Similar laws passed at the state level in Maryland and Washinton led Google to stop political advertising in those states entirely, deciding that the cost of compliance was too high.
“Our systems are not currently built to collect and provide the information in the time frame required by Maryland’s new disclosure law,” a Google spokeswoman said.
Facebook, however, said it supports measures to increase transparency surrounding political advertisement and is voluntarily adding its own system to disclose ad buyers.
Facebook founder Mark Zuckerberg wrote last year, “interference is a problem that’s bigger than any one platform, and that’s why we support the Honest Ads Act. This will help raise the bar for all political advertising online.”
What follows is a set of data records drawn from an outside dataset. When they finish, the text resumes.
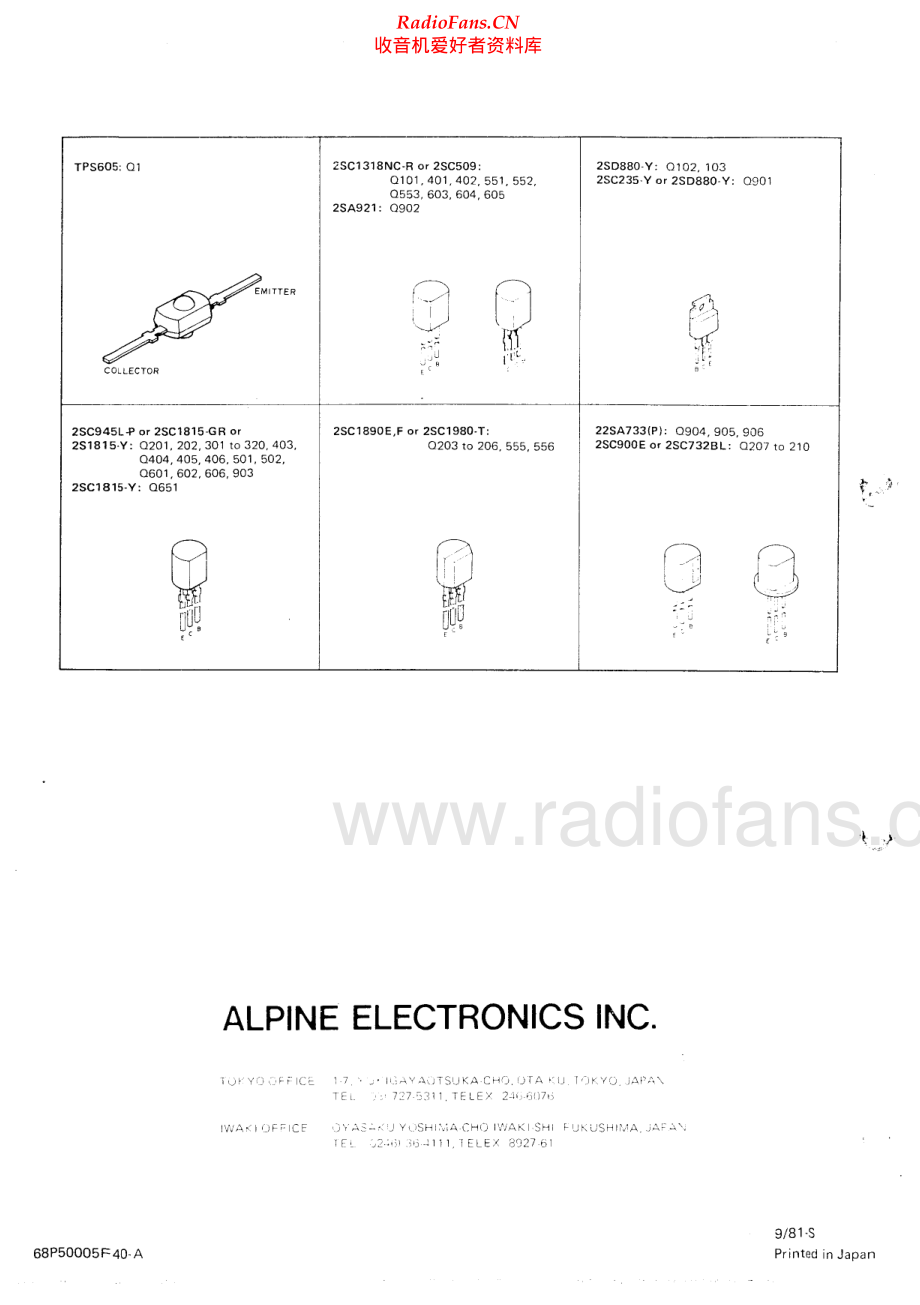 Alpine-AL60-tape-sm维修电路原理图.pdf_第2页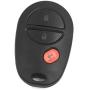 uxcell New Replacement 3 BTN Keyless Entry Remote Key Clicker Transmitter for GQ43VT20T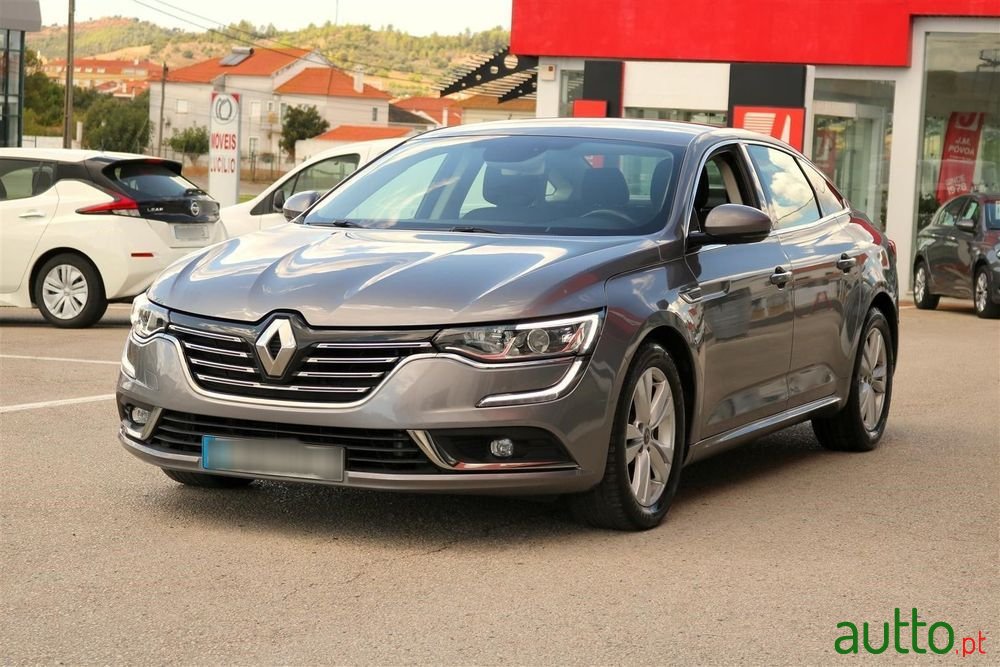 2019' Renault Talisman photo #5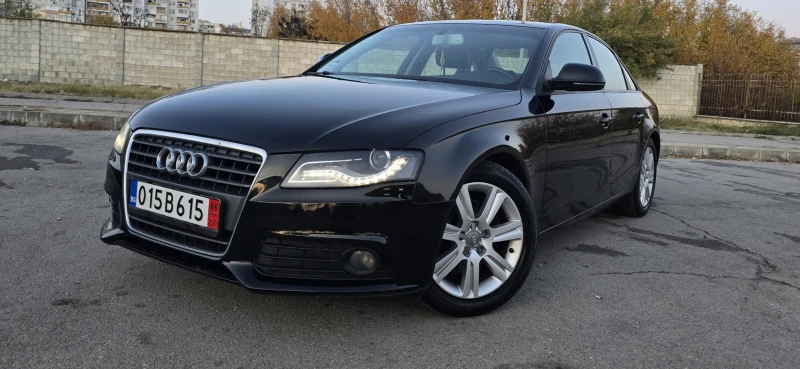 Audi A4 КОЛЕДНА ПРОМОЦИЯ/2.0TDI/LED, снимка 3 - Автомобили и джипове - 48304890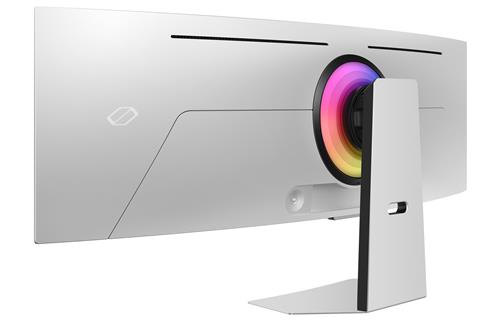 Samsung G95SC Monitor PC 124,5 cm (49) 5120 x 1440 Pixel Argento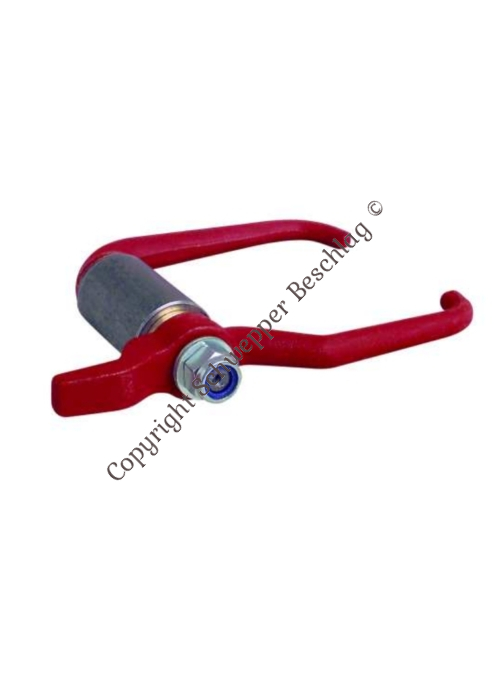 Dog assemblies with 2 handles 73/93mm Steel alternatively Stainless Steel | GSV-No. 104 A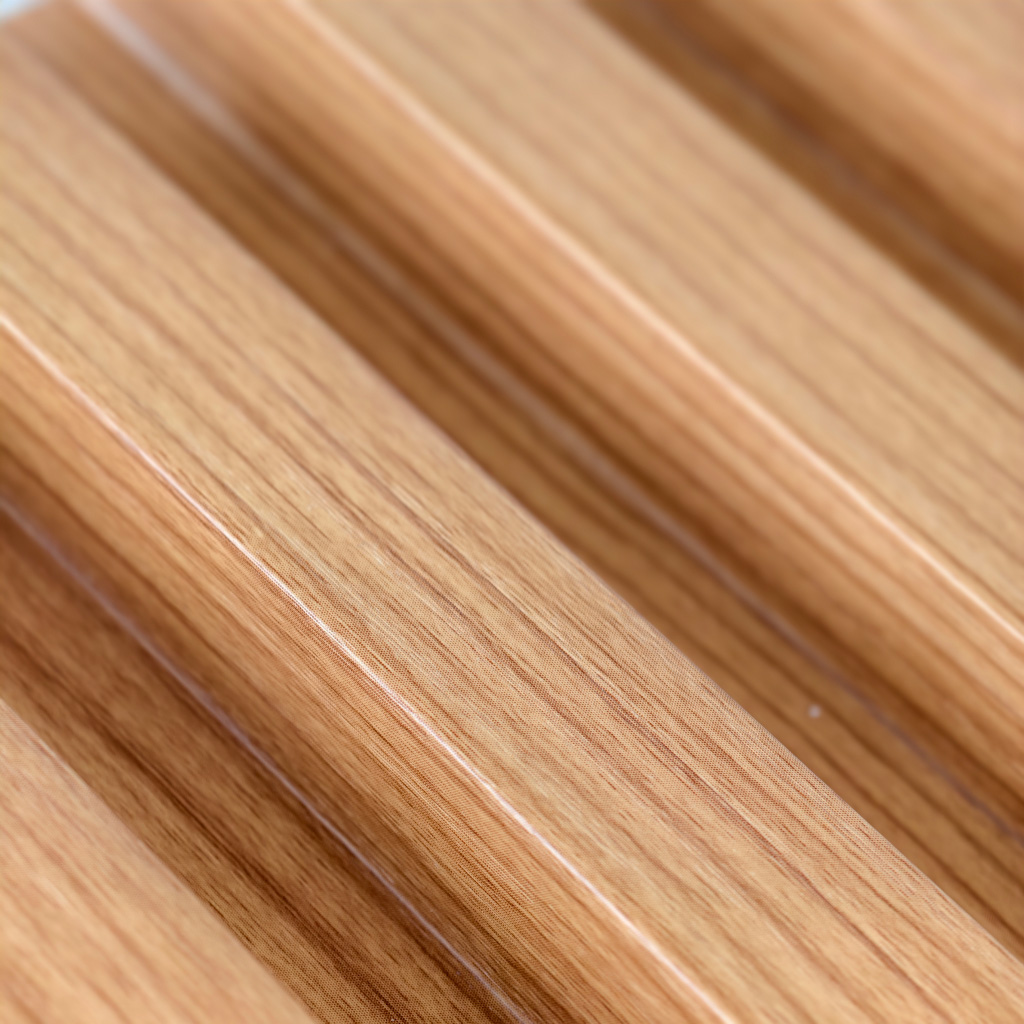 grooved wpc interior wall panel supplier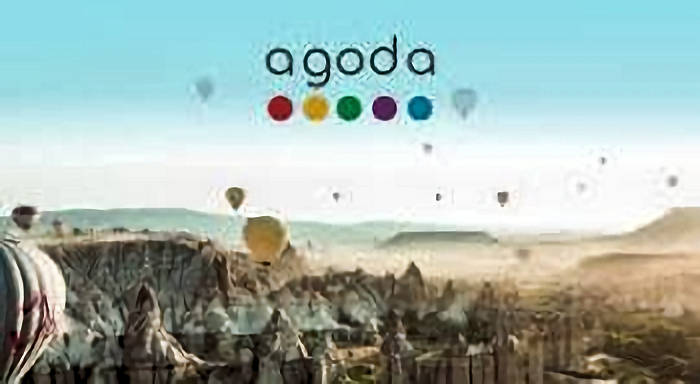 picture: advertisement poster for Agoda.com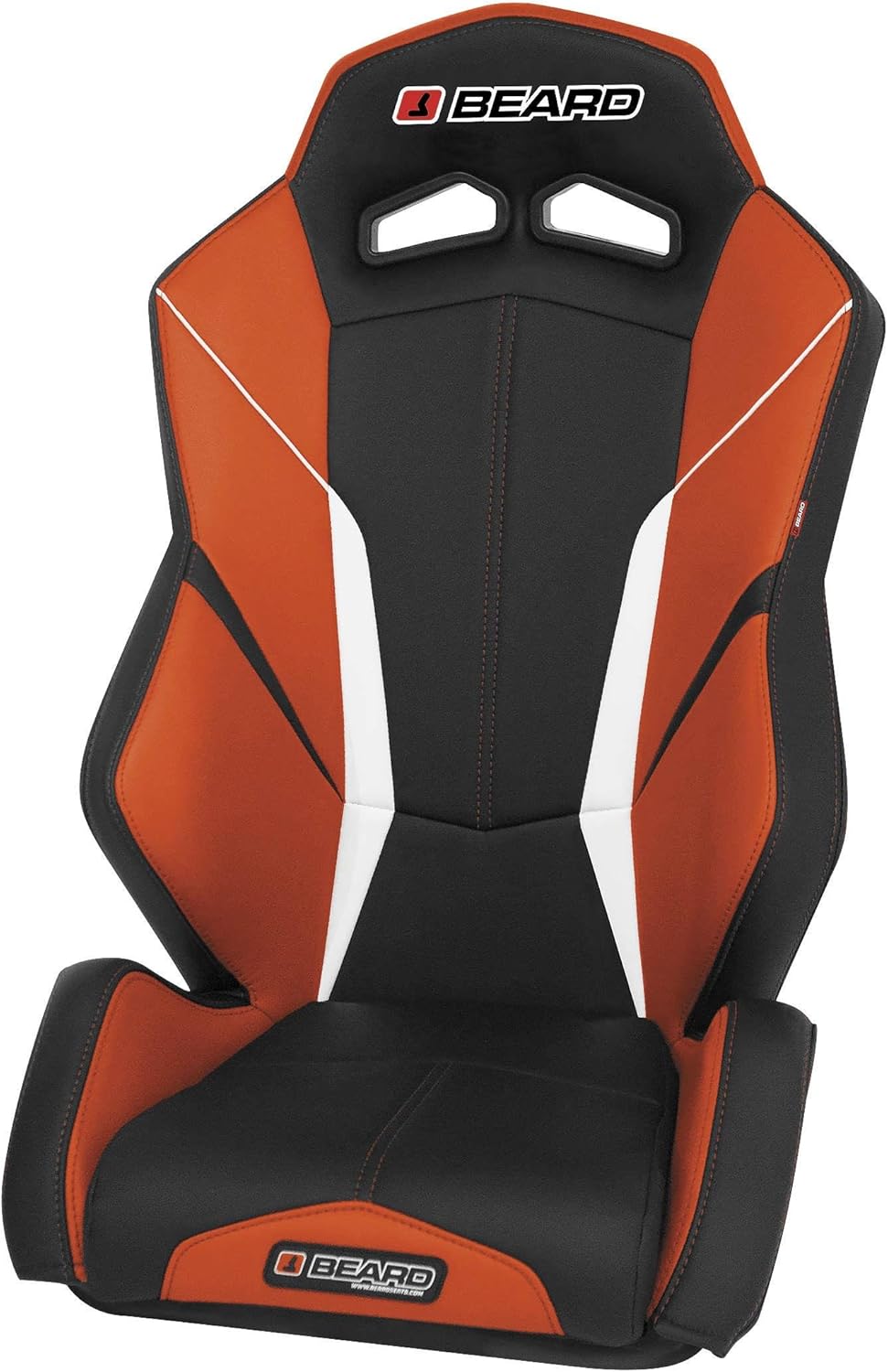 Beard Seats 850525 Torque V2 Seat Front Black/Orange
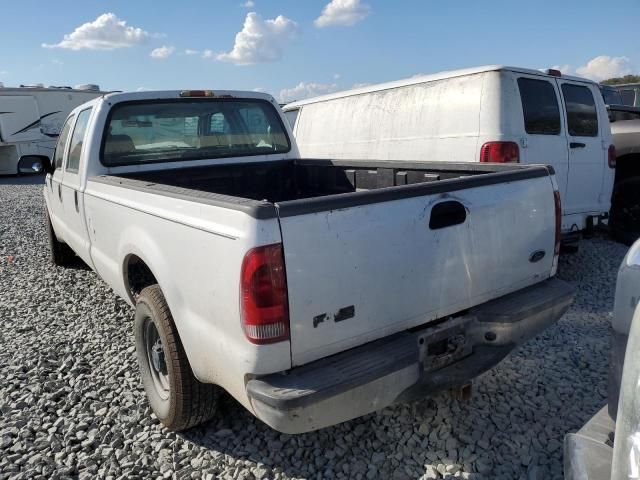 2004 Ford F350 SRW Super Duty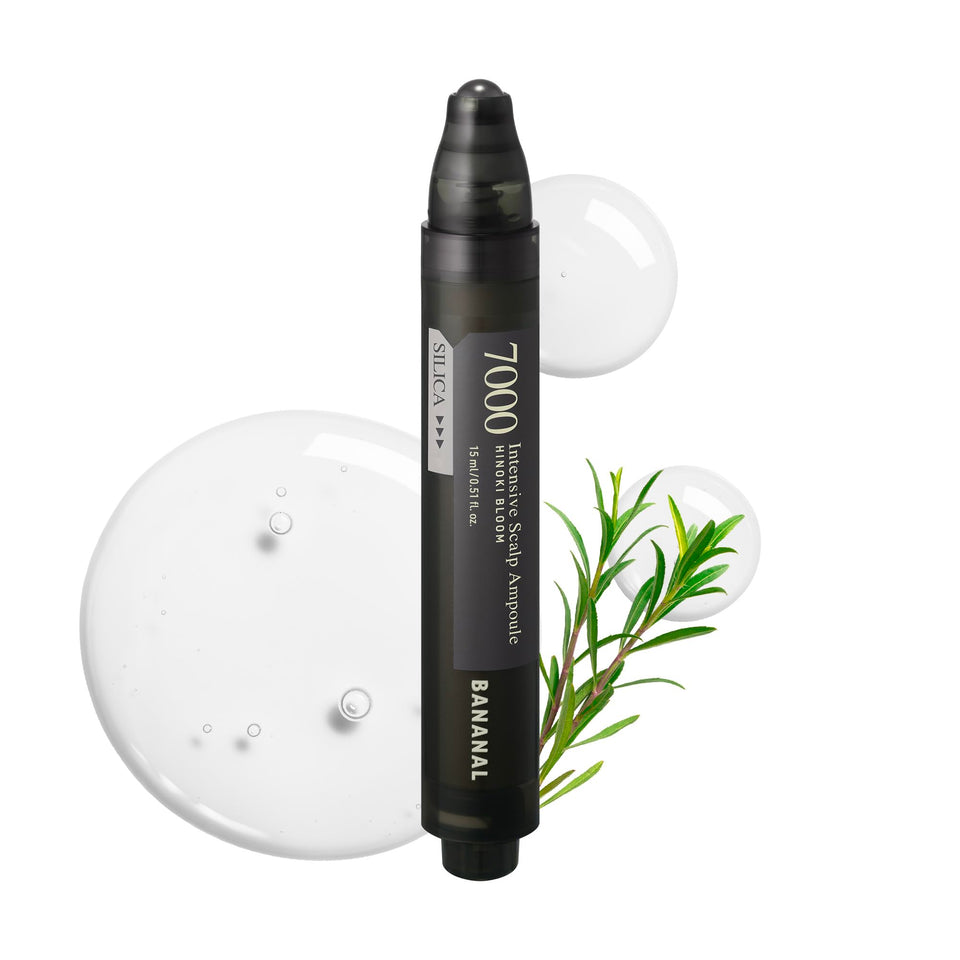 BANANAL tea tree scalp oil roll-on delivers targeted care for the scalp.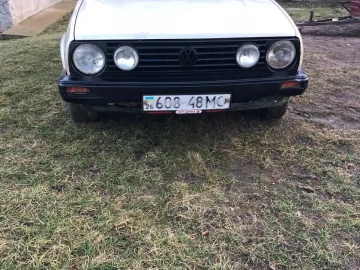 Авто Volkswagen Golf 1987 № 7389102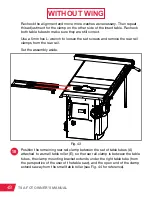 Preview for 48 page of SawStop TSA-FOT Owner'S Manual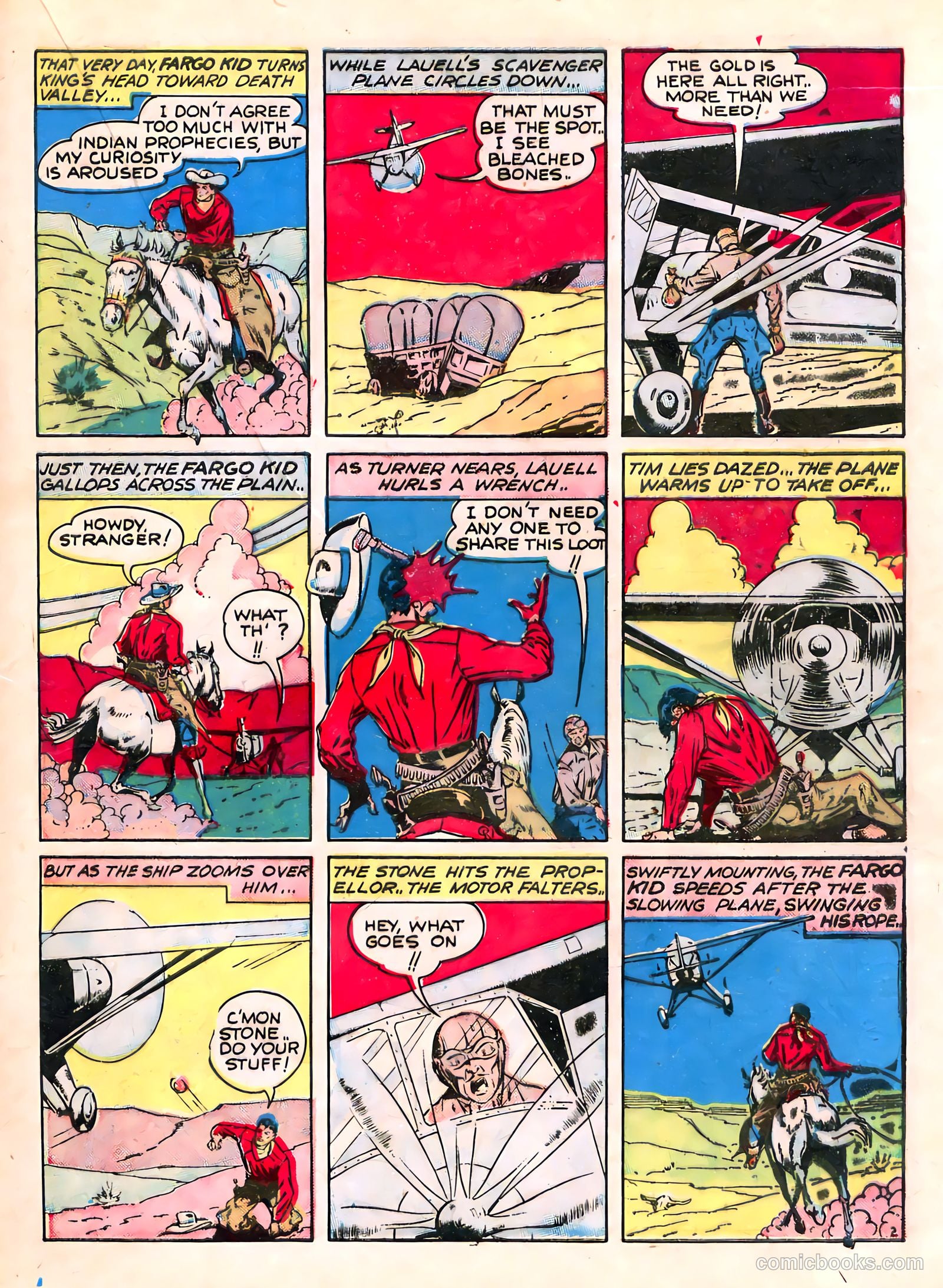 Feature Comics #56 (1942) — page 31 of 68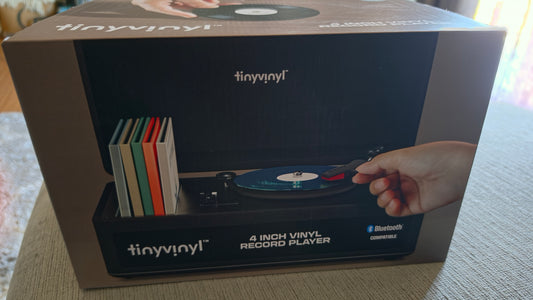 Tiny Vinyl Player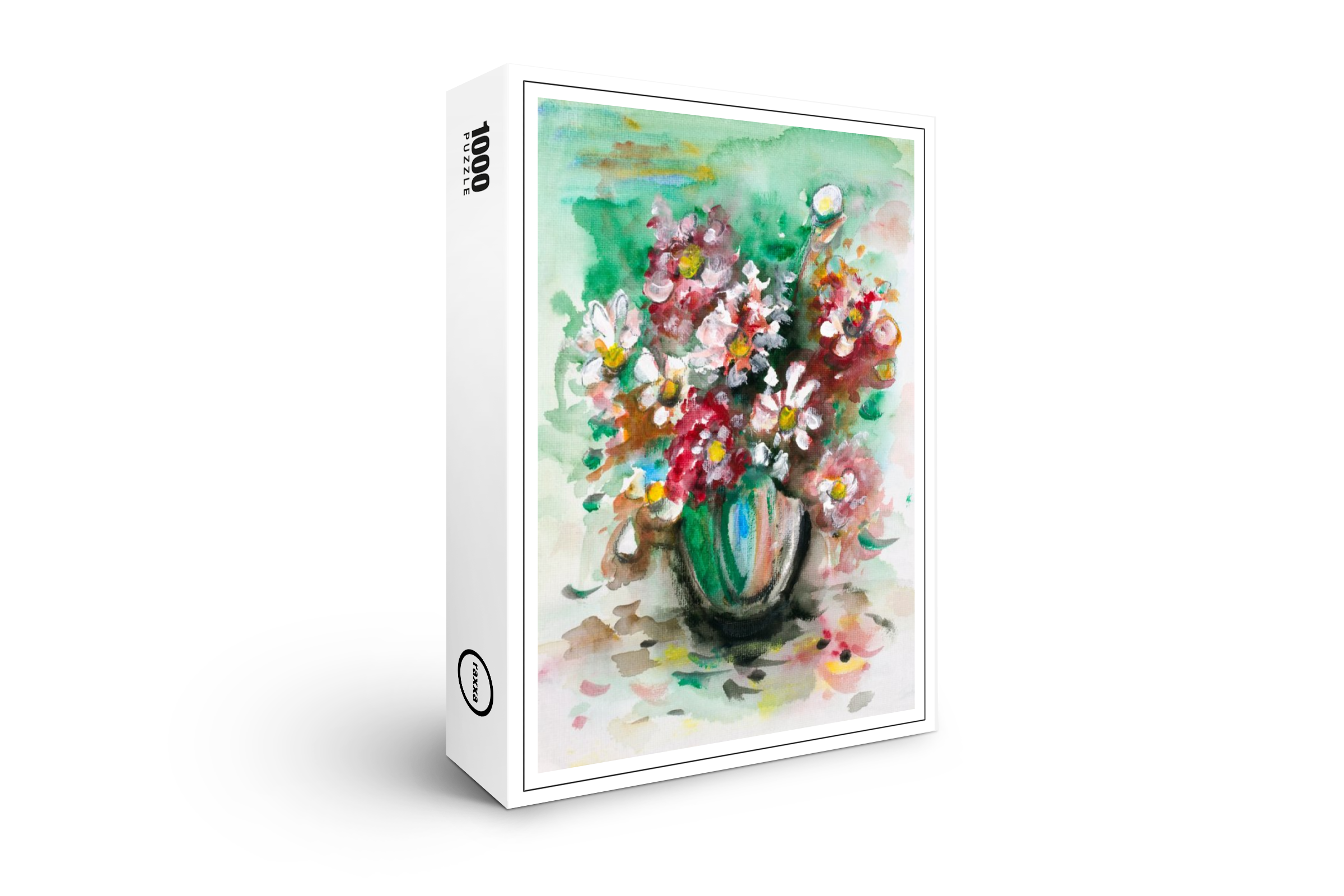 raxxa Premium-Puzzle: Sommerstrauß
But tech companies aren’t the only organizations affected — news organizations who run political advertisements on their digital platforms would also be covered by the law. Newsrooms in Maryland, including The Washington Post and Baltimore Sun, challenged the state version of the law, arguing that it places undue restrictions on political speech and is too burdensome for websites that publish ads.
A federal judge recently blocked the portion of Maryland’s law applying to news companies, agreeing that it violates the First Amendment’s guarantee to press freedom. The judge described the rule as “treading on their First Amendment-protected interest in controlling the content of their publications.”
Ultimately, free speech advocates fear measures like the Honest Ads Act are shotgun style overreactions to a relatively small number of ads purchased by foreigners in 2016.
“The Honest Ads Act restricts speech by American citizens.,” Goodman reiterated. “Congress should not restrict the civil liberties of American citizens in response to threats from foreign influence like we did during the Red Scare.”